Nach dem zweiten Absatz dieses Artikels sind die in Abs. 1 genannten wirtschaftlichen Tätigkeiten alle Tätigkeiten eines Erzeugers, Händlers oder Dienstleistenden einschließlich der Tätigkeiten der Urproduzenten, der Landwirte sowie der freien Berufe und der diesen gleich gestellten Berufe. Als wirtschaftliche Tätigkeit gilt auch eine Leistung, die die Nutzung von körperlichen oder nicht körperlichen Gegenständen zur nachhaltigen Erzielung von Einnahmen umfasst.

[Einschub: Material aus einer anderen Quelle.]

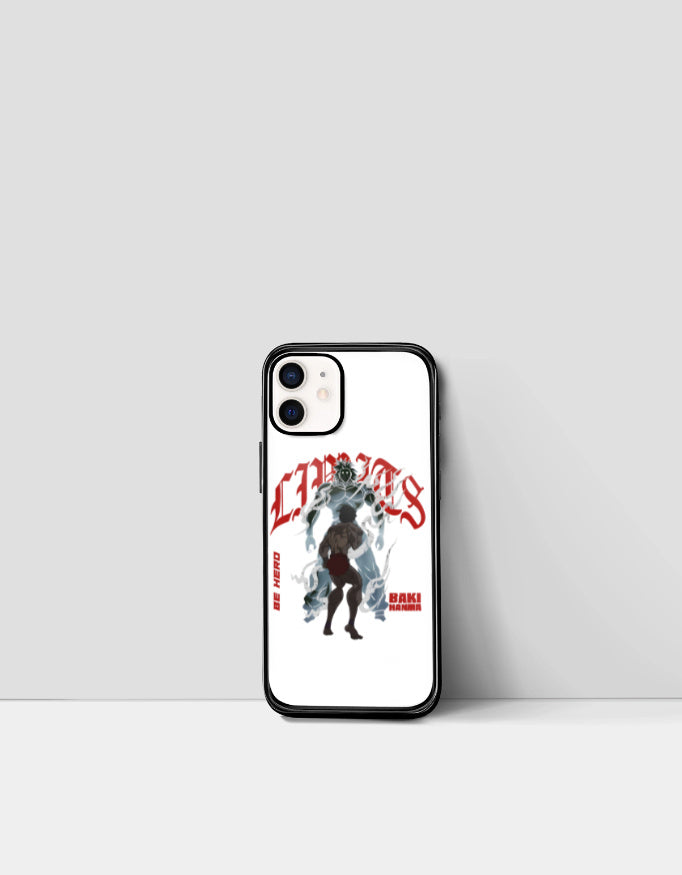 CHAOS X BAKI anime case with character design in black and white on white background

Im Urteil vom 21. März 2000, C-110/98 bis C-147/98 (Gabalfrisa SL u.a.), auf welches sich die belangte Behörde in der Begründung der angefochtenen Bescheide zu berufen versucht, hat der EuGH zunächst daran erinnert, dass das in den Art. 17 ff der
6. Mehrwertsteuerrichtlinie geregelte Recht auf Vorsteuerabzug integrierender Bestandteil des Mechanismus der Mehrwertsteuer ist und grundsätzlich nicht eingeschränkt, sondern für die gesamte Steuerbelastung der vorausgehenden Umsatzstufen sofort ausgeübt werden kann (RNr. 43). Unter Hinweis auf das von der beschwerdeführenden Partei ins Treffen geführte Urteil vom 14. Februar 1985, 268/83 (Rompelman), hat der EuGH im Urteil vom 21. März 2000 sodann den Standpunkt wiederholt, dass der Grundsatz der Neutralität der Mehrwertsteuer hinsichtlich der Abgabenbelastung des Unternehmens es verlangt, dass schon die ersten Investitionsausgaben, die für die Zwecke eines Unternehmens oder zu dessen Verwirklichung getätigt werden, als wirtschaftliche Tätigkeiten angesehen werden. Es würde diesem Grundsatz nämlich zuwiderlaufen, wenn als Beginn der wirtschaftlichen Tätigkeiten erst der Zeitpunkt angesetzt würde, von dem an das Grundstück tatsächlich genutzt wird, d.h. die zu versteuernden Einkünfte entstehen. Bei jeder anderen Auslegung des Art. 4 der Richtlinie würde der Wirtschaftsteilnehmer mit den Mehrwertsteuerkosten belastet, ohne dass er sie gemäß Art. 17 abziehen könnte, und es würde willkürlich zwischen Investitionsausgaben vor und während der tatsächlichen Nutzung eines Grundstücks unterschieden (RNr. 45). In RNr. 46 desselben Urteils schließlich hat der EuGH klargestellt, dass Art. 4 der 6. Mehrwertsteuerrichtlinie die Abgabenverwaltung nicht hindert, objektive Nachweise für die erklärte Absicht zu verlangen, zu besteuerten Umsätzen führende wirtschaftliche Tätigkeiten aufzunehmen. Diese Überlegung findet sich schon in dem von der beschwerdeführenden Partei ins Treffen geführten Urteil des EuGH vom 14. Februar 1985 (Rompelman), wenn es dort in RNr. 24 heißt, dass derjenige, der einen Vorsteuerabzug vornimmt, nachzuweisen hat, dass die Voraussetzungen hiefür gegeben sind und dass er Steuerpflichtiger ist, sodass Art. 4 der
6. Mehrwertsteuerrichtlinie dem nicht entgegen steht, dass die Abgabenverwaltung objektive Belege für die erklärte Nutzungsabsicht verlangt, in welchem Zusammenhang der EuGH als Beispiel "den Nachweis der besonderen Eignung der zu errichtenden Räumlichkeiten für eine gewerbliche Nutzung" anführt. Im Urteil vom 21. März 2000 findet sich unter RNr. 52 schließlich auch noch der Hinweis des EuGH, dass Maßnahmen, welche die Mitgliedstaaten nach Art. 22 Abs. 8 der 6. Mehrwertsteuerrichtlinie erlassen dürfen, um die genaue Erhebung der Steuer sicher zu stellen und Steuerhinterziehungen zu verhindern, nicht über das hinausgehen dürfen, was zur Erreichung dieser Ziele erforderlich ist, und daher auch nicht so eingesetzt werden dürfen, dass sie das Recht auf Vorsteuerabzug systematisch in Frage stellen.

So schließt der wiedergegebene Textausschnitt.